Una crescita differenziata tra metalli

La novità più rilevante, che non sfugge a chi si appresta a consultare il listino aggiornato, risiede nella differenziazione degli aumenti, applicati con un criterio che riflette il valore intrinseco dei materiali impiegati. I modelli realizzati in acciaio, da sempre considerati il punto di accesso alla gamma, sebbene relativamente, hanno subito un incremento contenuto, quantificabile in una media del 6%. Una percentuale che, tuttavia, porta alcune icone a sfiorare soglie psicologiche di notevole impatto: il Submariner nella sua configurazione più essenziale, per fare un esempio concreto, ha visto il proprio prezo lievitare di duecentocinquanta euro, passando così dai novemilasettecento ai novemilanovecentocinquanta euro, cifra che lo colloca a un passo dalla barriera dei diecimila.

L'oro e il platino trainano i rialzi

Se l'acciaio ha registrato un movimento più cauto, ben diverso è stato l'approccio per le referenze che impiegano metalli nobili.
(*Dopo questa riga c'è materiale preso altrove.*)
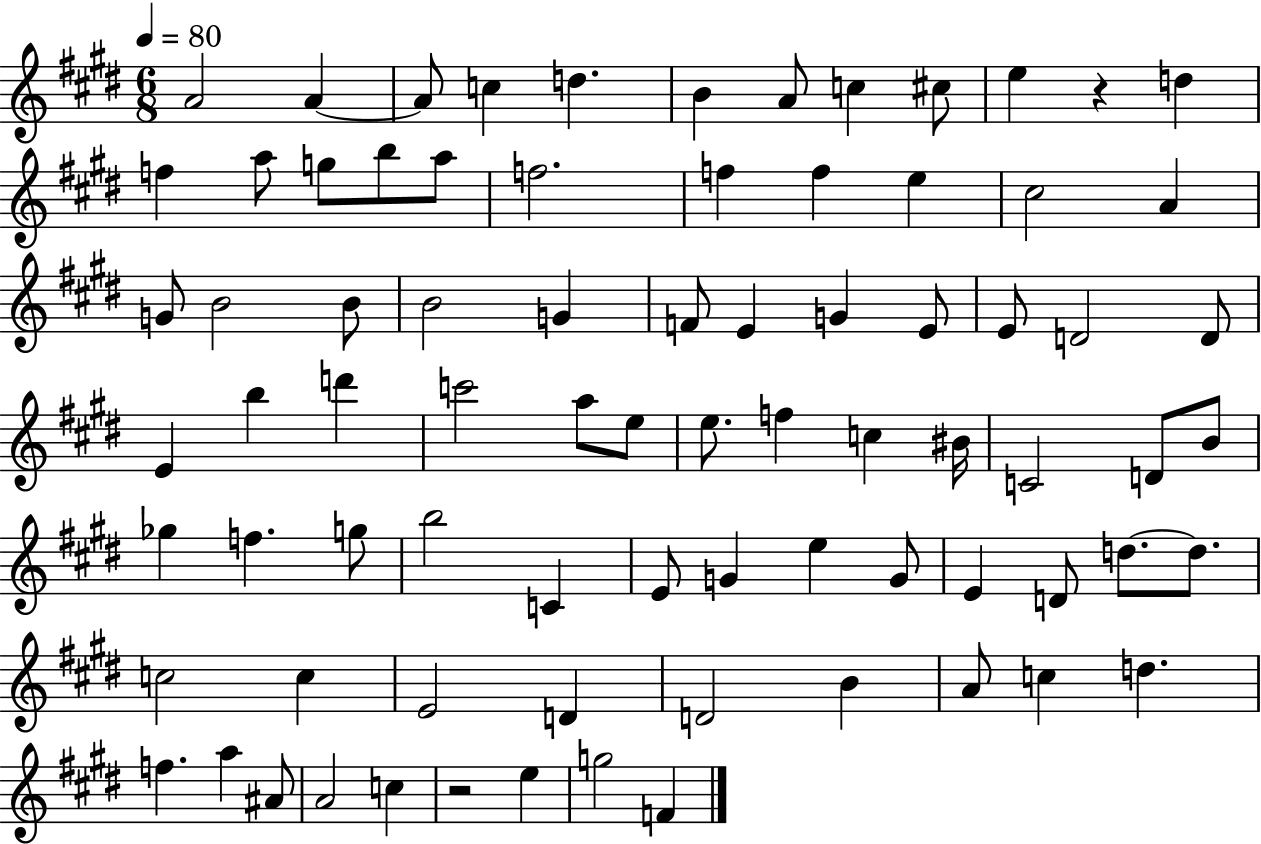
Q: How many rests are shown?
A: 2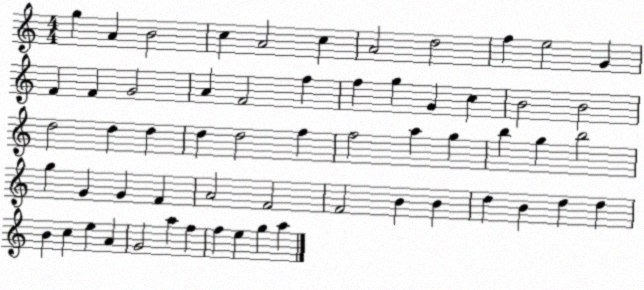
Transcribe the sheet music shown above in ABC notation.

Su queste, infatti, la casa ha esercitato rialzi di portata decisamente superiore, con oscillazioni che vanno dall'8% fino a toccare, in alcuni casi, la doppia cifra. Una mossa, questa, che appare finalizzata a rimarcare ulteriormente la distinzione gerarchica all'interno del catalogo, spingendo verso l'alto il valore percepito delle versioni in oro giallo, rosa o bianco e di quelle in platino, le quali si confermano, anche sotto il profilo economico, l'apice della produzione.

Gli effetti strutturali sul mercato

Questa manovra sui listini, la cui entità non può essere considerata episodica dato il ripetersi nell'ultimo biennio, contribuisce a ridefinire in modo strutturale la scala dei valori dell'intero settore. L'innalzamento del punto di partenza per l'accesso ai modelli più iconici in acciaio, di cui il Submariner citato è solo l'esempio più eclatante, sposta inevitabilmente i parametri di valutazione per l'intero mercato secondario, il quale da anni si muove in un equilibrio dinamico tra domanda costante e disponibilità limitata. L'azione della manifattura, perciò, non si limita a recepire le condizioni macroeconomiche sfavorevoli, ma le traduce in un nuovo assetto di prezzo destinato a consolidare la percezione del proprio prodotto come bene rifugio, sia dal punto di vista patrimoniale che simbolico.